Nos comunicábamos por correo electrónico de tanto en tanto para contarnos cosas relacionadas con nuestros trabajos o para posibles colaboraciones. Recuerdo que invité a Eduardo a colaborar en un proyecto —al final nunca se realizó— que unía a grabadores mexicanos y a poetas. Me habían pedido que les escribiera a algunos amigos para que se integraran al proyecto. Le mandé la imagen del grabado sobre la que le tocaría escribir. Era una obra de Valsoto.
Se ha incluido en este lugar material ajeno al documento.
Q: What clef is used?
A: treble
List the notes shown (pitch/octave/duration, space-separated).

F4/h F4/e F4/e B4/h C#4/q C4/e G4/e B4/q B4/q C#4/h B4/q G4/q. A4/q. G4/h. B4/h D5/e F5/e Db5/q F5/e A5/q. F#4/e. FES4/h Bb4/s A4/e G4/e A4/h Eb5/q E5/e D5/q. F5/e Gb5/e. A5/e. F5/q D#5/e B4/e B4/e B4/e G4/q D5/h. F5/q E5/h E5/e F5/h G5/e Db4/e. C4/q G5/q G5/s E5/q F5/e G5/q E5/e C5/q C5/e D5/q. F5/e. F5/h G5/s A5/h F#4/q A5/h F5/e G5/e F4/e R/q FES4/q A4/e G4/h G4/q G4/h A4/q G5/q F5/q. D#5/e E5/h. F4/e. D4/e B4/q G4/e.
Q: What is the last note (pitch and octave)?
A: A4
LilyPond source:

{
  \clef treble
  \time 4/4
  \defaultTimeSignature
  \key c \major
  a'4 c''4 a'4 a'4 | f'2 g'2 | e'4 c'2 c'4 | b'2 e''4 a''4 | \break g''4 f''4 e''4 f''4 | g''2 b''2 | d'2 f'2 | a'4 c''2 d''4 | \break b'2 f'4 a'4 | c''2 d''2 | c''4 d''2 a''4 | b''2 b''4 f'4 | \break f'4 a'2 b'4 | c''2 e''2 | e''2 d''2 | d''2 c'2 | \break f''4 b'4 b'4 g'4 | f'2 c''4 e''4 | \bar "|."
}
Reviso mis e-mails y encuentro varios en donde hablamos del fracaso del proyecto pero donde Eduardo me comenta que él ha decidido continuar con la escritura del poema y que además integrará otros textos, sobre otras obras, a un futuro libro.
La última vez que nos vimos fue en la ciudad en que viví, a fines de 2014, luego de una lectura suya en la feria del libro, o quizá antes nos encontramos en una exposición mía que se inauguró en la semana de la feria. La memoria más cercana engaña más. Hablamos durante un buen rato, me regaló su último libro —donde viene el texto sobre el grabado de Valsoto—, que sacó de su querida bolsa de lona. Quedamos de vernos después porque esa noche iba a una cena y yo debía quedarme en la exposición. Ya no nos vimos más debido al ajetreo de la feria y ahora lo lamento. Fue la última vez que vi a Eduardo. Hablamos de los libros que vendrían en el futuro.
Me quedo con una imagen suya, sonriente, cargando en la espalda su bolsa de lona, mirando sesgadamente uno de los cuadros de la exposición y luego dándome un abrazo. Ahí detengo el recuerdo. Ahí, en ese adiós, queda la memoria. Así quiero recordar hoy a Eduardo, con un saco de lino crudo, una camisa blanca y unos jeans gastados. En la galería la muchedumbre va y viene y nosotros nos quedamos quietos, congelados en ese instante.